Working Draft Proposal (2) for Encoding Emoji Symbols

L2/08-081
Date: 2008-01-28
Updated version of L2/07-257
Authors: Kat Momoi, Mark Davis, Markus Scherer

This is a working draft proposal for the Symbols Subcommittee and UTC. It is an update to L2/07-257.

In UTC meeting 112 we introduced a proposal (L2/07-257) for the encoding of Emoji symbols in The Unicode Standard. That proposal was discussed during the meeting, and the feedback was taken into account when developing this revised version. The ARIB symbols proposed in document L2/07-391 have been taken into account.


The proposal consists of two documents:
  1. This summary document.
  2. A draft table of proposed characters for encoding.

The proposal does not yet contain proposed code points. They could all go into a block in the supplementary planes, or some of them could be added to existing blocks of similar symbols in the BMP. We have no particular requirements for the positioning or ordering of these characters, although we have tried to group the characters in a reasonable fashion.

The proposed repertoire for encoding includes all of the symbols in the table, with the following exceptions. These exceptions are listed in the table for comparison only.

We are following the same basic principles as the UTC used when assessing the Japanese TV Symbols proposal. (See page 2 of L2/07-391.)

Background

This submission covers the Emoji symbols that are in widespread use by DoCoMo, KDDI and Softbank for their mobile phone networks, plus nine symbols defined by Google. These symbols are encoded in carrier-specific versions of Shift-JIS (as User-Defined Characters), and, in the case of KDDI, in a carrier-specific version of ISO-2022-JP. There are mapping tables in use in the industry between these character sets, with both roundtrip and fallback mappings. These symbols are also supported in web mail services by Yahoo! Mail and Google Mail. (Yahoo! Mail currently supports a subset.)

We took into consideration the following factors in coming up with this revised proposal:

  1. Source separation rule: If a single carrier separates two characters (anywhere in the character set, so including standard JIS codes), then we mapped them to two separate Unicode characters. (This is a hard and fast rule.)
  2. Reuse: We mapped to existing Unicode symbols where appropriate.
  3. Separating generic symbols: If Unicode had a set of related symbols, but no one character in the set was as generic as in the Emoji symbol sets, then we encoded a new character. For example, the Emoji sets do not distinguish between waxing and waning crescent moons.
  4. Colors and Animation: We encoded symbols as characters, abstracting away from colors and animation.
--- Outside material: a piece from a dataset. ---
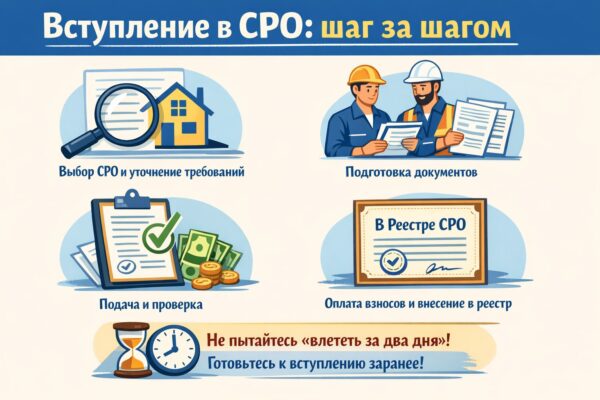 Как подрядчику вступить в СРО строителей без лишних переплат и отказов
We only distinguished by nominal color or animation for the source separation rule. (See naming below.)
  5. Existing cross-mapping tables: We followed the tables mentioned above as much as possible, but we tentatively disunified in some cases where the visual images were very different and not semantically associated. For example:
    1. We disunified the 'M' symbol for Metro from the Metro train image. The 'M' symbol would have translation problems. (This is similar to the problems with the international currency symbol and the proposal for a "generic decimal separator".)
    2. On the other hand, we unified the sets of Zodiac symbols, even though the images shown by carriers vary widely. This is because they clearly belong to a cohesive set which corresponds across carriers.
  6. Least-marked common symbol: For a set of symbols which each could map to an existing Unicode code point, we chose the symbol that was shared among the most carriers (according to the cross-mapping tables) and had the least-marked form.
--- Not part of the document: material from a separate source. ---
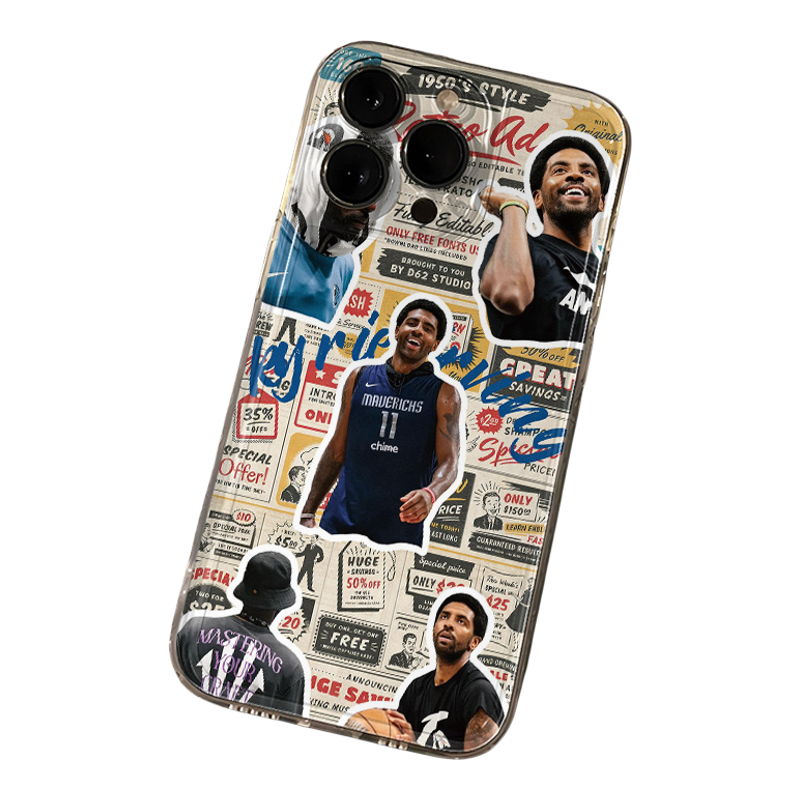 OPPOFINDX9个性iPhone12苹果13创意小米17透明软14ProMax小众16e适用15PLUS手机壳篮球库里欧文VIVOIQOONEO11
Note: We tried to avoid disunification in Unicode where there are roundtrip mappings between carriers. However, where necessary, the disunification can be done. As the following diagram illustrates, roundtrip mappings between carrier Shift-JIS character sets can be maintained, by having the mapping tables between Unicode and each carrier's Shift-JIS version use appropriate fallback mappings.

KDDI

Unicode

Softbank
x

X

y
x

Y

y
x

y

Chart Legend

Columns:
  1. Representation
    1. Representative symbols. Note: These are colored and sometimes animated, but would be black and white in the code charts.
    2. Unicode code points where we propose unification with existing Unicode characters. The proposed repertoire for encoding excludes characters that can be unified.
    3. ARIB number from Japanese TV Symbols (L2/07-391). The proposed repertoire for encoding excludes characters that are proposed for encoding as part of the Japanese TV Symbols. (See Action Item [113-A12])
  2. Proposed Character Name
  3. Comments
  4. KDDI
    1. KDDI Icon
    2. KDDI Emoji catalog number
    3. KDDI Shift-JIS code
    4. KDDI ISO-2022-JP code
  5. DoCoMo
    1. DoCoMo Icon
    2. DoCoMo Emoji catalog number
    3. DoCoMo Shift-JIS code
  6. Softbank
    1. Softbank Icon
    2. Softbank Emoji catalog number
    3. Softbank Shift-JIS code
  7. G: Check marks for symbols defined by Google

Use of colors:

Symbol images are taken from reference materials from the carriers. Symbol images for the Unicode column use a Unicode character where one exists, and otherwise one of the carrier symbols. The latter would be replaced by an appropriate black-and-white representative glyph.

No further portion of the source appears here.